[Dataset entries]
▼

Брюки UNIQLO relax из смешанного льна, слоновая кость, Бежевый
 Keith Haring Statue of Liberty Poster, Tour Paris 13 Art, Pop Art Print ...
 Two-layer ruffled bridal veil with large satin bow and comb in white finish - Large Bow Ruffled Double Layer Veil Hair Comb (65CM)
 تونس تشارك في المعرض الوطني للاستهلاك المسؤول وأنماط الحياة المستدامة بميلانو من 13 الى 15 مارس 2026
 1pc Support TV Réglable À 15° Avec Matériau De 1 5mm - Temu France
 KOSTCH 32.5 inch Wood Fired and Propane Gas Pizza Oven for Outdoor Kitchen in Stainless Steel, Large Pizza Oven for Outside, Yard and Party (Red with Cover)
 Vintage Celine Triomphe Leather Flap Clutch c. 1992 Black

▲

> _What needs to be done_: Retype all of the data shown above, word for word.

> _Task result_:
Брюки UNIQLO relax из смешанного льна, слоновая кость, Бежевый
 Keith Haring Statue of Liberty Poster, Tour Paris 13 Art, Pop Art Print ...
 Two-layer ruffled bridal veil with large satin bow and comb in white finish - Large Bow Ruffled Double Layer Veil Hair Comb (65CM)
 تونس تشارك في المعرض الوطني للاستهلاك المسؤول وأنماط الحياة المستدامة بميلانو من 13 الى 15 مارس 2026
 1pc Support TV Réglable À 15° Avec Matériau De 1 5mm - Temu France
 KOSTCH 32.5 inch Wood Fired and Propane Gas Pizza Oven for Outdoor Kitchen in Stainless Steel, Large Pizza Oven for Outside, Yard and Party (Red with Cover)
 Vintage Celine Triomphe Leather Flap Clutch c. 1992 Black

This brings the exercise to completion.